◆ Prompt ◆
When you reproduce the listing, keep every word as it is and drop the pictures.

◆ Listed entries ◆
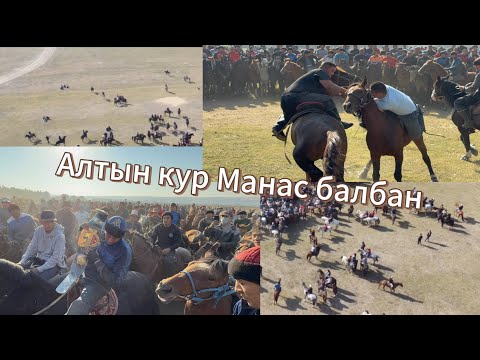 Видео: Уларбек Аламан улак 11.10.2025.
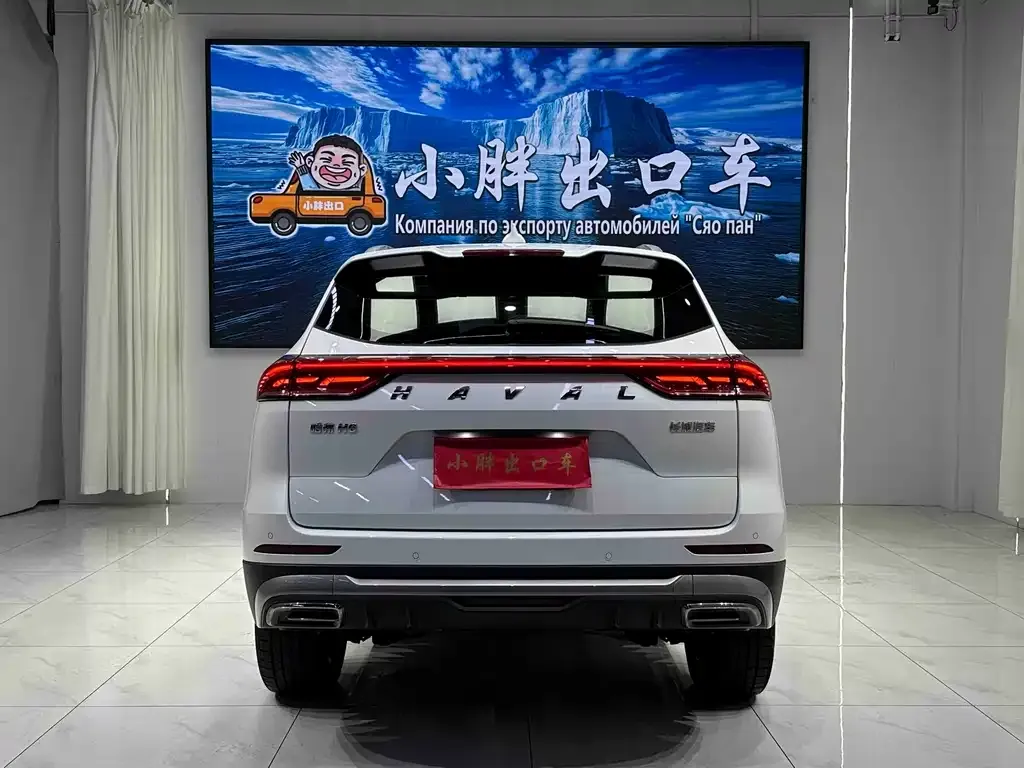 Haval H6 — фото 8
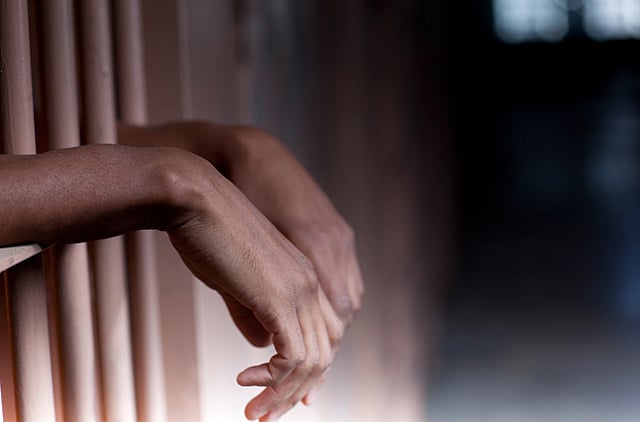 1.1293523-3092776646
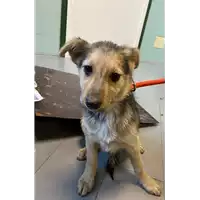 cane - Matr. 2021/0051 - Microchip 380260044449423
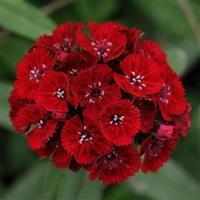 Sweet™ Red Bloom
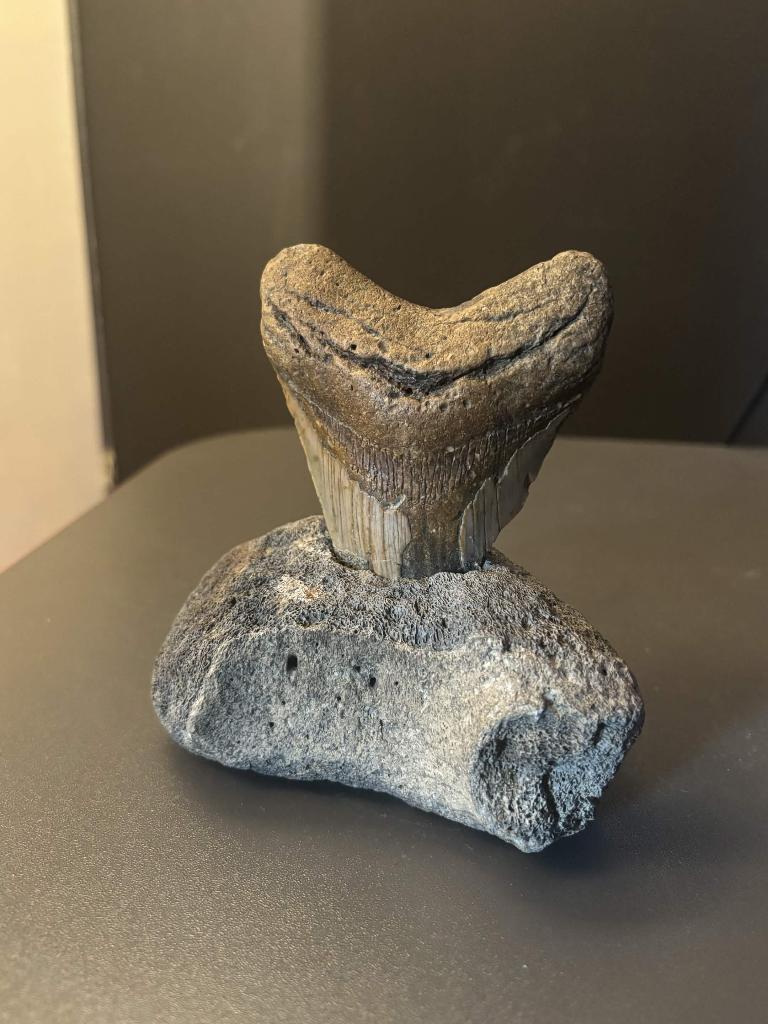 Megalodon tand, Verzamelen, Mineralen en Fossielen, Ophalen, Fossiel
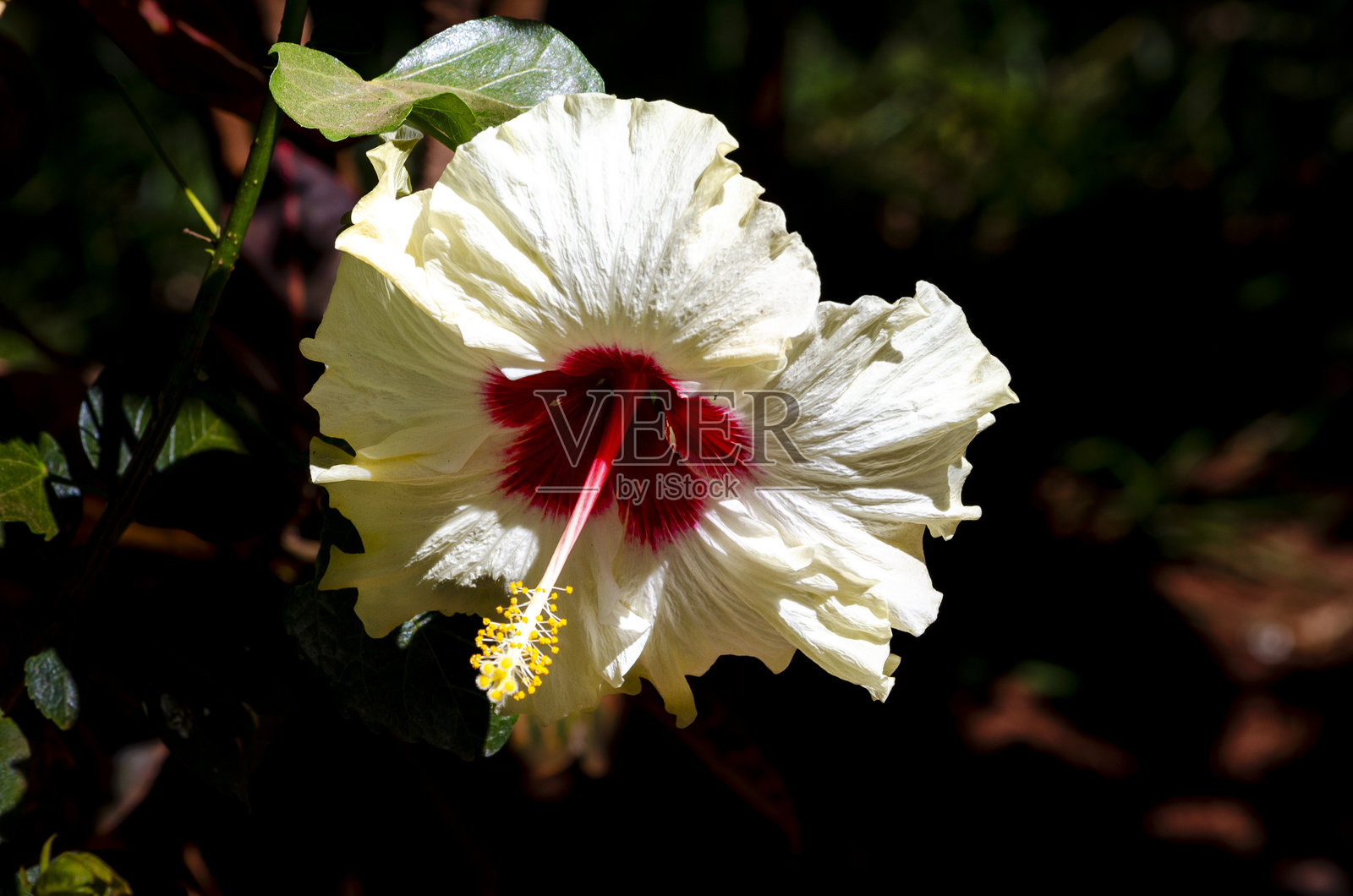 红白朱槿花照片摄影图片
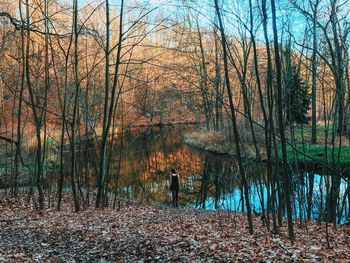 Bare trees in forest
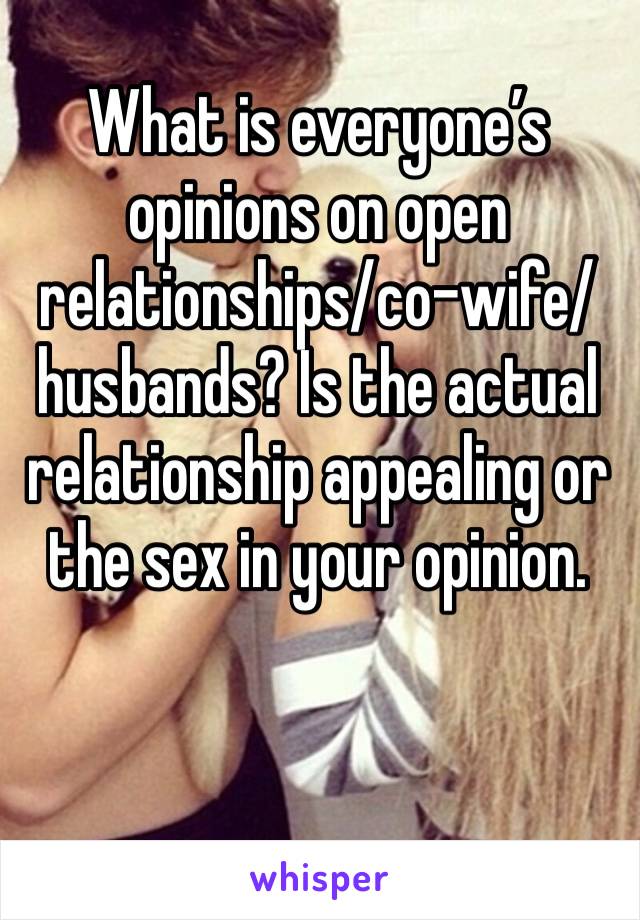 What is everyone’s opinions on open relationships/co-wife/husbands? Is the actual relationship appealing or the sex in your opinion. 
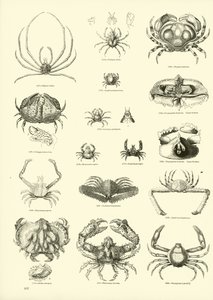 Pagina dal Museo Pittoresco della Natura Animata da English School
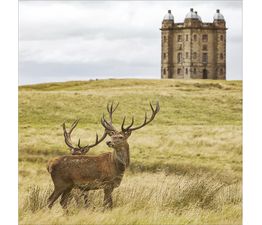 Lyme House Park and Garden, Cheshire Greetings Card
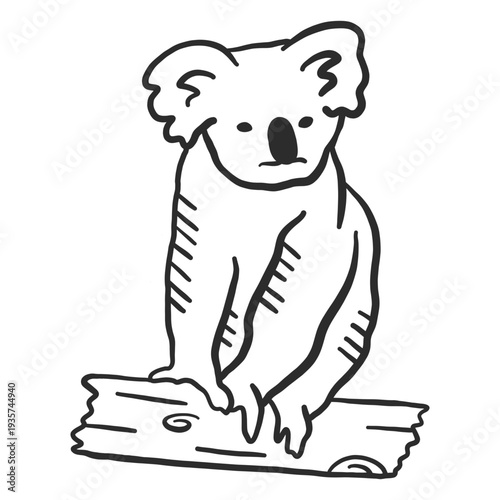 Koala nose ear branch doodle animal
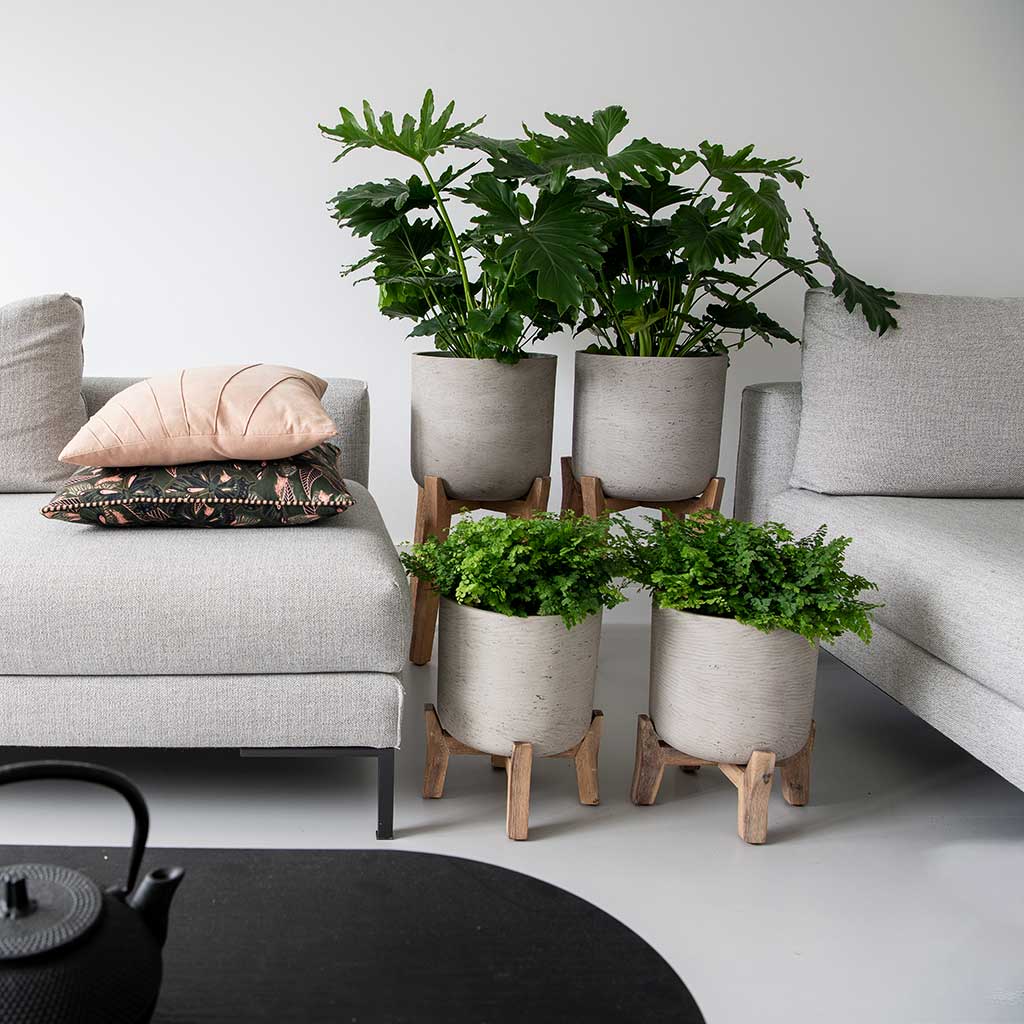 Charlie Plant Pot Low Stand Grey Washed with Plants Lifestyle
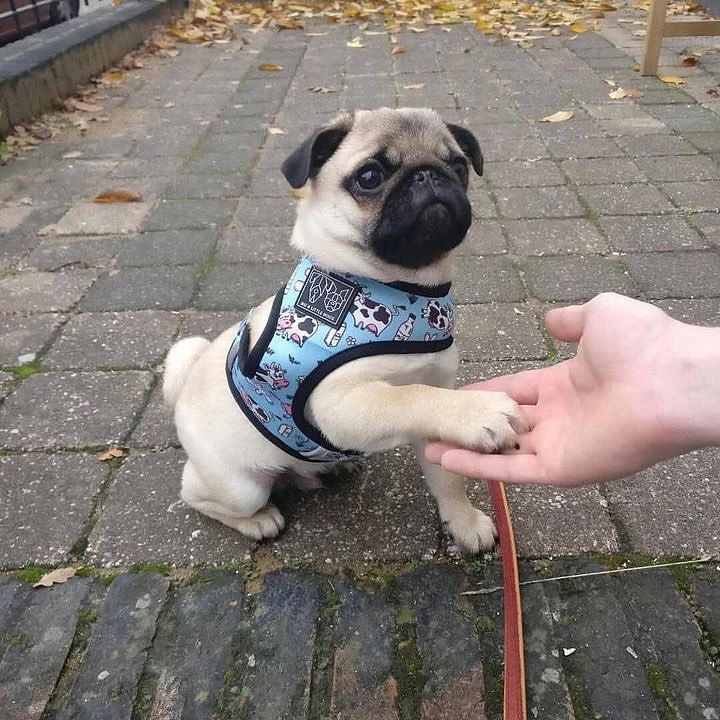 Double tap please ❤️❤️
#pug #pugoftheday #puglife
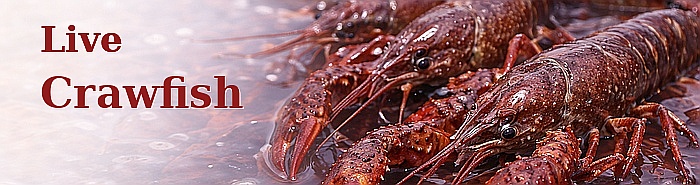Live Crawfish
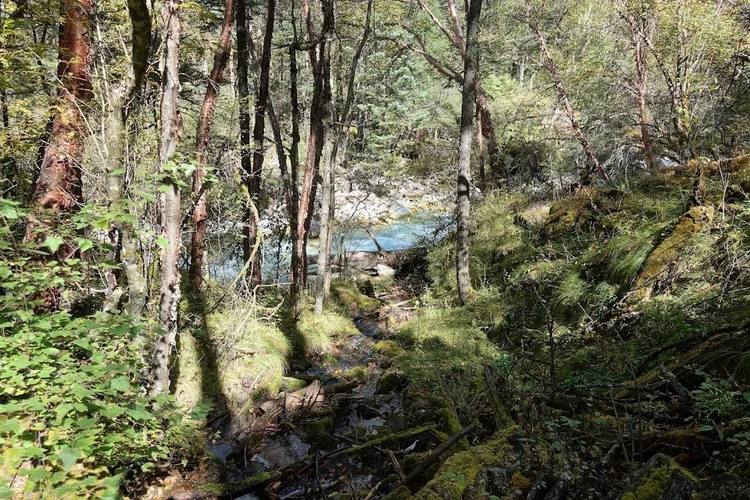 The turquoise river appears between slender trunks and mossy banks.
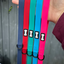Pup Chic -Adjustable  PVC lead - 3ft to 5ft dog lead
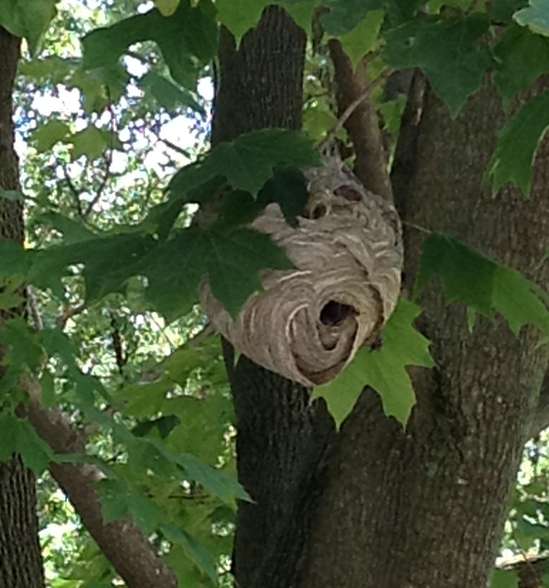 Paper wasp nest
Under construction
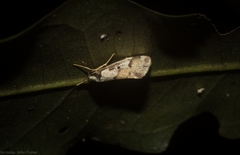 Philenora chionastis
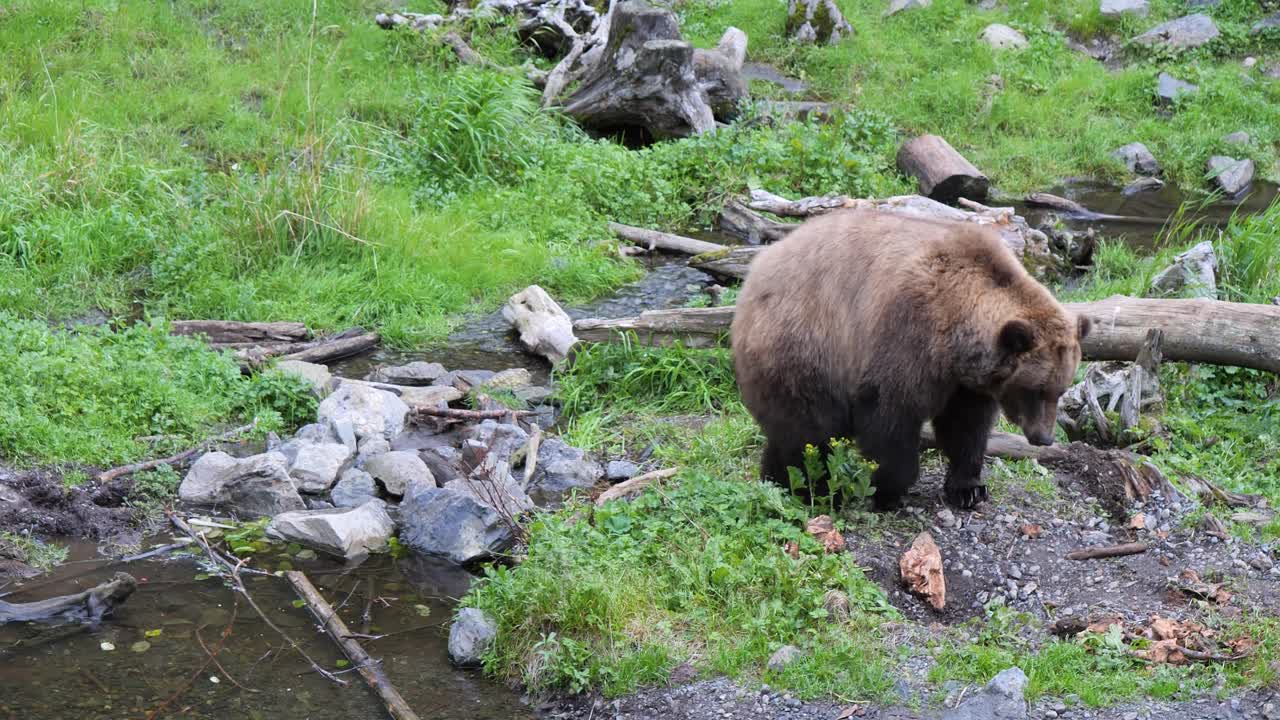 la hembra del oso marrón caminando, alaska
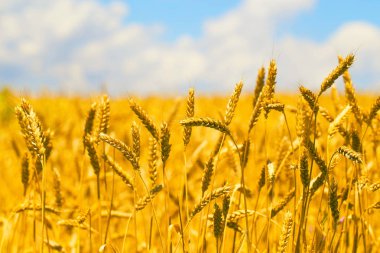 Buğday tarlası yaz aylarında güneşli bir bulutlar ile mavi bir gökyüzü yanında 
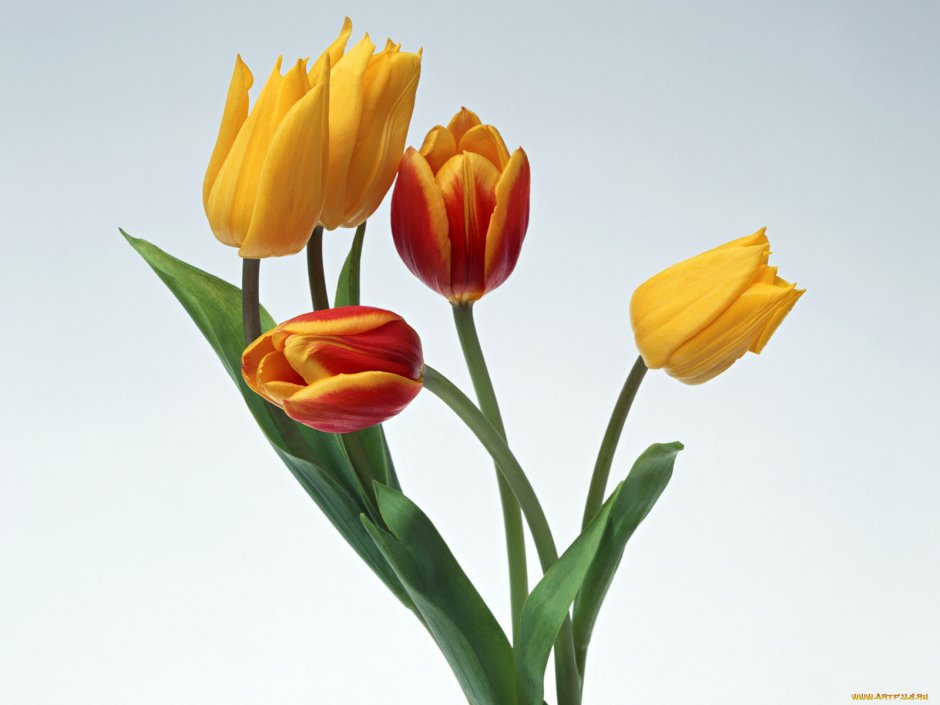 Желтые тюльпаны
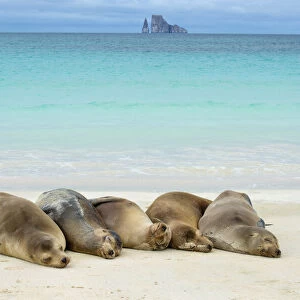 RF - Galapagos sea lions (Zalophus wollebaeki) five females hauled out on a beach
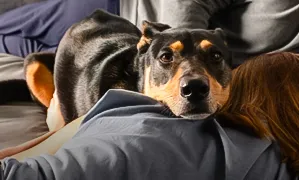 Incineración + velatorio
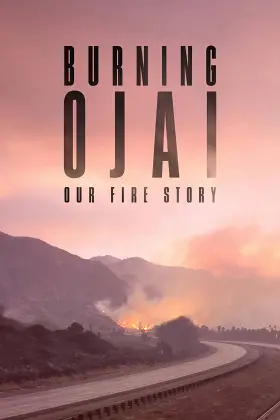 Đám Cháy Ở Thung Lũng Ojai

◆ Task answer ◆
 Видео: Уларбек Аламан улак 11.10.2025.
 Haval H6 — фото 8
 1.1293523-3092776646
 cane - Matr. 2021/0051 - Microchip 380260044449423
 Sweet™ Red Bloom
 Megalodon tand, Verzamelen, Mineralen en Fossielen, Ophalen, Fossiel
 红白朱槿花照片摄影图片
 Bare trees in forest
 What is everyone’s opinions on open relationships/co-wife/husbands? Is the actual relationship appealing or the sex in your opinion. 
 Pagina dal Museo Pittoresco della Natura Animata da English School
 Lyme House Park and Garden, Cheshire Greetings Card
 Koala nose ear branch doodle animal
 Charlie Plant Pot Low Stand Grey Washed with Plants Lifestyle
 Double tap please ❤️❤️
#pug #pugoftheday #puglife
Live Crawfish
 The turquoise river appears between slender trunks and mossy banks.
Pup Chic -Adjustable  PVC lead - 3ft to 5ft dog lead
 Paper wasp nest
Under construction
 Philenora chionastis
 la hembra del oso marrón caminando, alaska
 Buğday tarlası yaz aylarında güneşli bir bulutlar ile mavi bir gökyüzü yanında 
 Желтые тюльпаны
 RF - Galapagos sea lions (Zalophus wollebaeki) five females hauled out on a beach
 Incineración + velatorio
 Đám Cháy Ở Thung Lũng Ojai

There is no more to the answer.